Centrifuges may be driven by belt pulleys and shafting, by water turbines or electric motors operating through a friction clutch. The power required for running is small compared with that required for starting and bringing it up to full speed.
The loading of the material into the basket must be done to give even distribution, as an unbalanced basket running at high speed causes great strain and vibration. After starting, the top speed must be attained quickly, so that the machine quickly passes, and does not run at, the critical speed.
With Nonperforated Basket
When the deposited solid offers a high resistance to the flow of liquid through it, the nonperforated basket is the method of choice. The suspension is fed continuously into the basket and the resulting clarified liquor is removed over a weir or through a skimming tube (Fig. 17.6) The operation is stopped when a suitable depth of solid has been deposited on the walls of the basket. The solids are then scraped off by hand or by a scraper blade. The supercentrifuge discussed previously is also an example of a nonperforated basket centrifuge.
Fig. 17.6 Nonperforated basket centrifuge.

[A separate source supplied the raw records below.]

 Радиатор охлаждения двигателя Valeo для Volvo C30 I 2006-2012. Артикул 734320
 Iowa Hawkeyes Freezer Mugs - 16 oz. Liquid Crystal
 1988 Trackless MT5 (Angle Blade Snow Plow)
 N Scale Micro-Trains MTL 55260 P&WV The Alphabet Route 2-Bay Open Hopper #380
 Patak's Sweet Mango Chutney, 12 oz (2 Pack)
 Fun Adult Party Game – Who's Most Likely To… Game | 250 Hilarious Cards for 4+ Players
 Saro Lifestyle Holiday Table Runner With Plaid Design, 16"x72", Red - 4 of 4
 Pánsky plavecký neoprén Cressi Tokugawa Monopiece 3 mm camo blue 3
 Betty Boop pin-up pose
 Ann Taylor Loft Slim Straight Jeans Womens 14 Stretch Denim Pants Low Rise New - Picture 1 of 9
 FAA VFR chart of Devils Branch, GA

The machine runs continuously, the clear liquid being discharged from the spout and the solids collected on the inside of the bowl (Fig. 17.7). The process can be continued until it is necessary to stop to remove the accumulated deposit. Fig. 17.8 shows a section of the bowl used for clarifying in which there are a number of cones separated by narrow spaces. The liquid enters down the centre of the bowl and passes out by ascending the spaces between the cones. The high-gravity solids are thrown outwards, travel down the undersides on the cones and the lighter liquid finds its way out over the rim of the bowl. Referring to the diagram it can be seen that the spaces between the cones are very narrow. The impurities therefore have to travel only a very short distance before they are removed from the liquid. This feature allows a slower speed to produce a high degree of clarification. By regulation of the speed it is possible to separate a coarse sediment from a mixture containing a fine powder in suspension.
Fig. 17.7 Solids-ejecting type separator.

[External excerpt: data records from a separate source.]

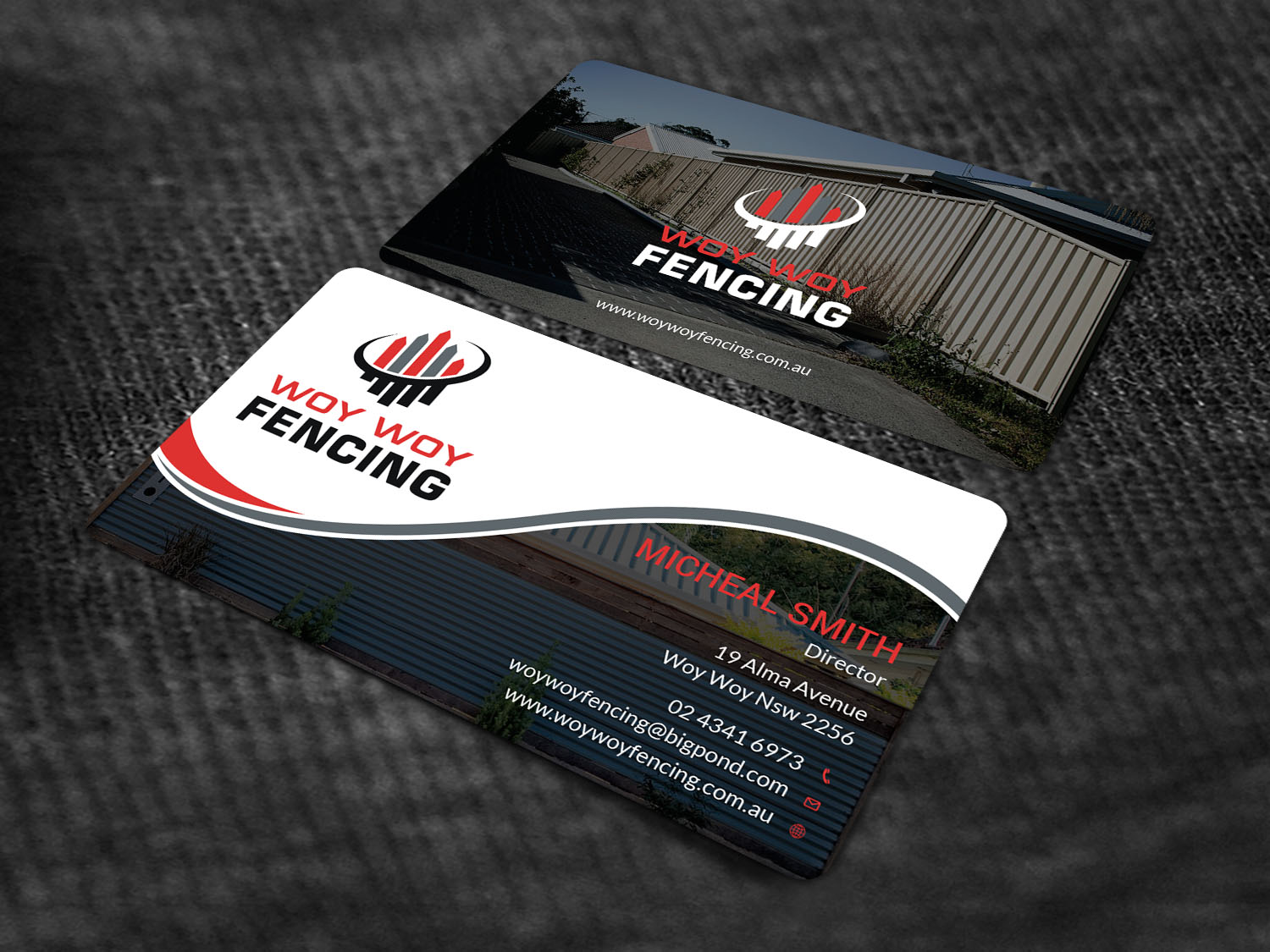 Business Card Design by Tripti Ranjan Gain for Woy Woy Fencing | Design #18717958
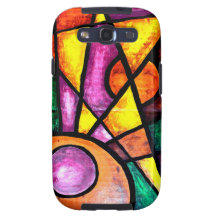 Samsung Galaxy Case, Comet Chaser Painting Samsung Galaxy S3 Cover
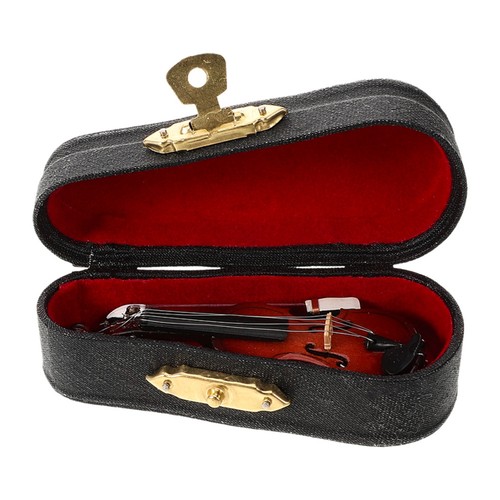 Handcrafted wood mini violin - wood,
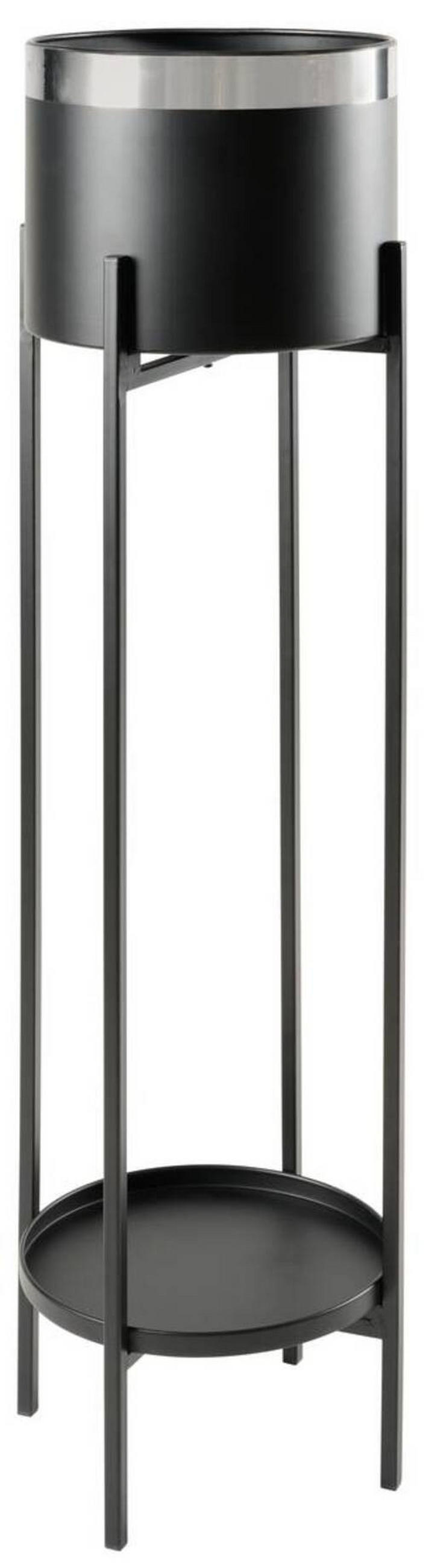 VIRÁGKASPÓ 28,5/110 cm  - ezüstszínű, Trend, fém (28,5/110cm) - Ambia Home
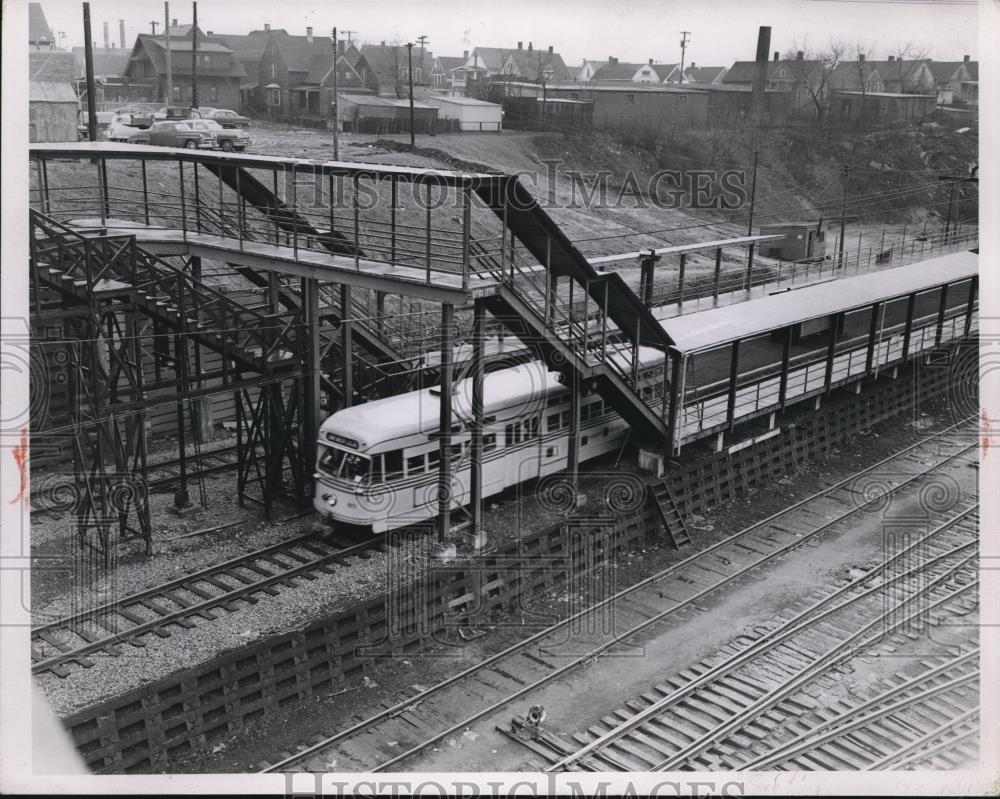 1955 Press Photo The Kingsburn Rapid Transit Station - cva74065 - Historic Images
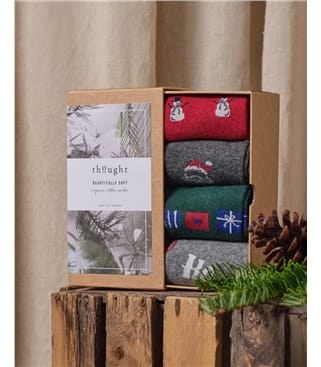 Socken-Geschenkbox (4 Paar), Weihnachten – Talton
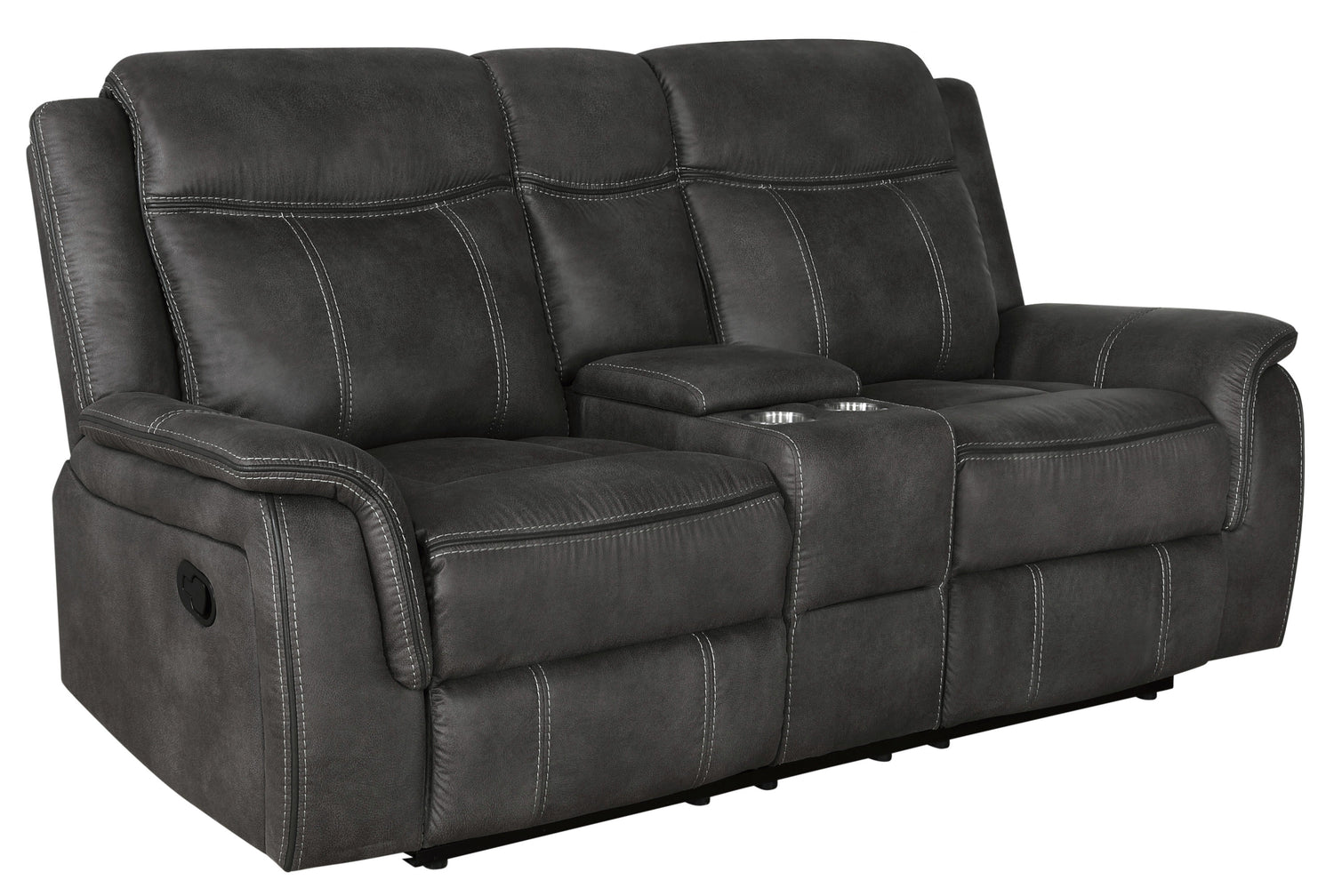 Motion Loveseat - Lawrence Upholstered Tufted Back Motion Loveseat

Fig. 17.8 Section of bowl of De Laval clarifier. Alfa-Laval Co. Ltd.
Horizontal Centrifuges
It has already been pointed out that vertical centrifuges can be designed for the continuous separation of two immiscible liquids. For the continuous removal of solids, however, a horizontal centrifuge is normally employed. The conical centrifuge provides a well-known example. Here the solid–liquid suspension is fed into a horizontally mounted basket through a hollow shaft and the solid is spun to the periphery in the normal way. Inside the basket, there is mounted coaxially a spiral scraper which rotates at a slower speed than the basket itself. As the scraper rotates, it removes most of the solid cake, apart from a slight ‘clearance’, and forces it along to a point where it first receives a spray of wash liquid and is then dried and discharged.Fig. 17.9 illustrates a centrifuge of this type.
Fig. 17.9 Horizontal centrifuge: the Sharples Super-D-Canter. Sharples Centrifuges, Ltd.